Material provided section start

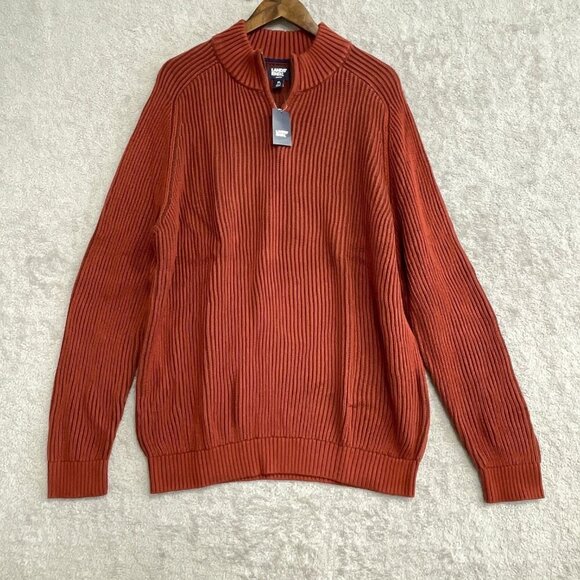 NEW Lands’ End Men’s XL Ribbed Knit Sweater Mock neck Red Rust 100% Cotton - Picture 1 of 9
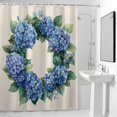thumbnail image 4 of Blue Hydrangea Wreath Fabric Shower Curtain Linen Background Washable Shower Curtains for Bathroom, Waterproof Bath Curtain with Hooks Home Decor 72x72in, 4 of 8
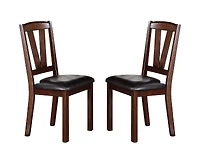 Streamdale Walnut Wood Framed Back Dining Chairs w/ Cushions (Set of 2)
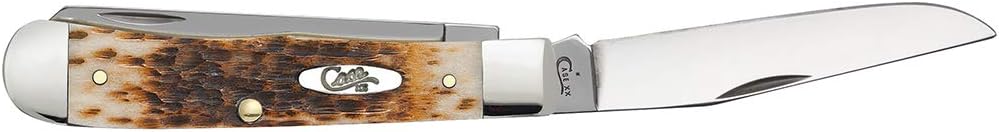 Case XX Trapper Pocket Knife - Amber Bone, Carbon Steel, 4 1/8"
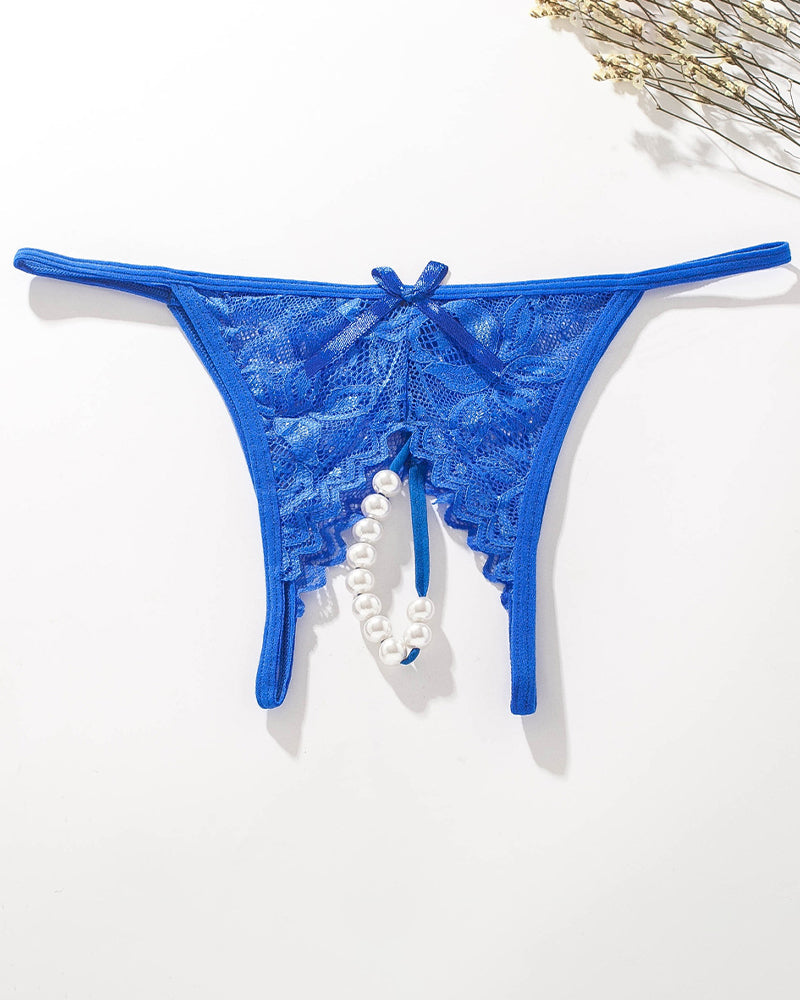 Lace Pearl G-String Low Rise T-Back Thongs Blue Avidlove-Panty - Tophatter Daily Deals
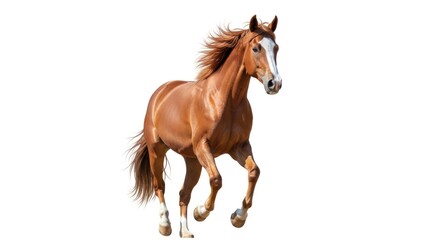 Obraz premium Majestic brown horse with flowing mane and tail, white face and socks, running gracefully
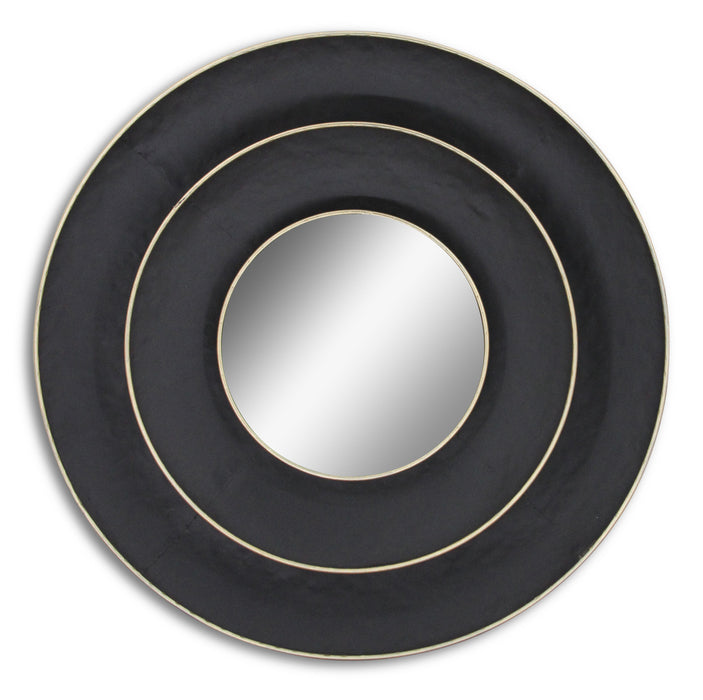 27x27 Metal Wall Mirror - Black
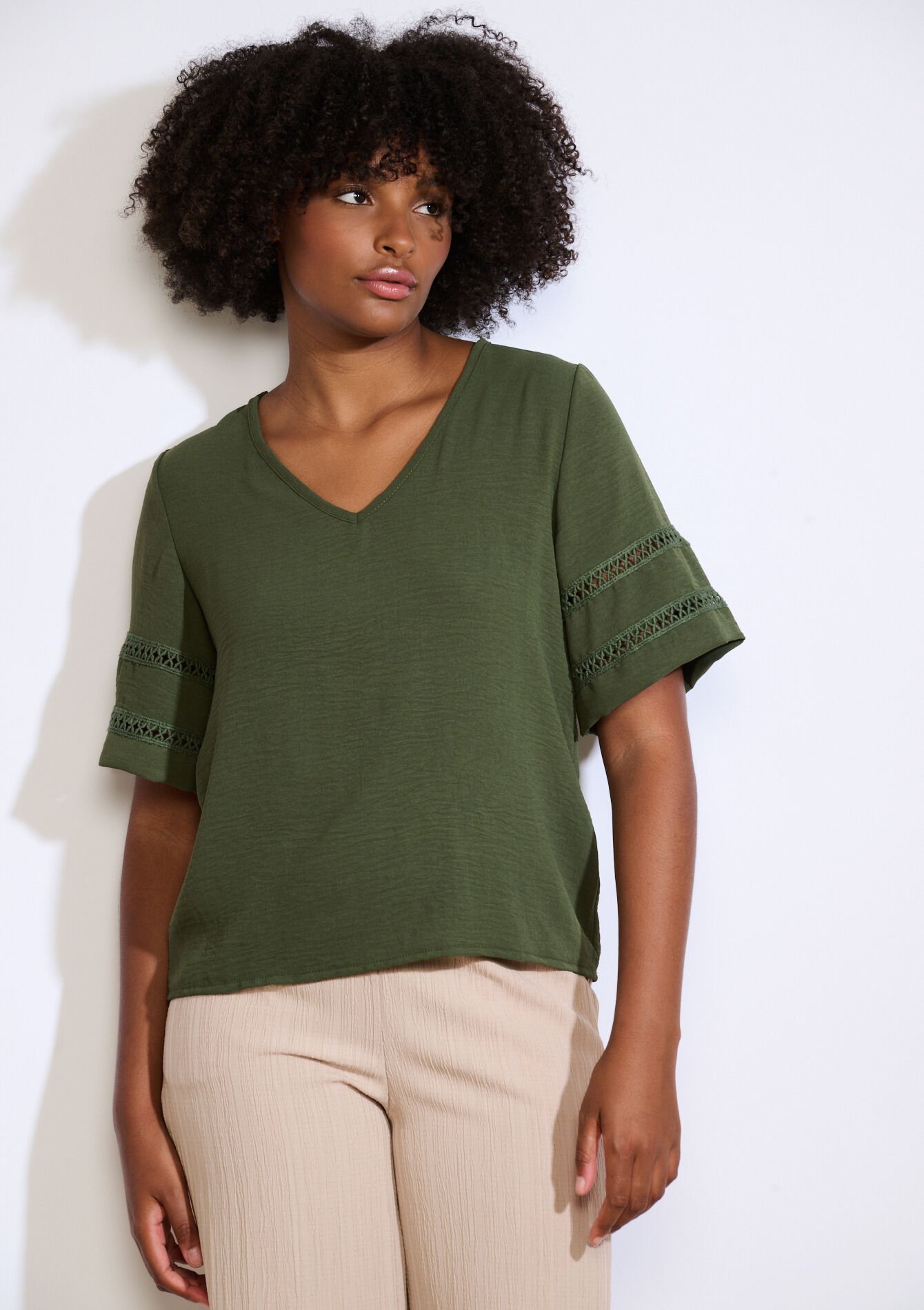 Blouse with eyelet sleeves, Blouse with eyelet sleeves - KHAKI MED - 05702919_4327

Material provided section end

### Directions for this task
Retype every record above exactly as written, but leave out the pictures.

### Response to this exercise
 NEW Lands’ End Men’s XL Ribbed Knit Sweater Mock neck Red Rust 100% Cotton - Picture 1 of 9
thumbnail image 4 of Blue Hydrangea Wreath Fabric Shower Curtain Linen Background Washable Shower Curtains for Bathroom, Waterproof Bath Curtain with Hooks Home Decor 72x72in, 4 of 8
 Streamdale Walnut Wood Framed Back Dining Chairs w/ Cushions (Set of 2)
 Case XX Trapper Pocket Knife - Amber Bone, Carbon Steel, 4 1/8"
 Lace Pearl G-String Low Rise T-Back Thongs Blue Avidlove-Panty - Tophatter Daily Deals
 Obraz premium Majestic brown horse with flowing mane and tail, white face and socks, running gracefully
 27x27 Metal Wall Mirror - Black
 Blouse with eyelet sleeves, Blouse with eyelet sleeves - KHAKI MED - 05702919_4327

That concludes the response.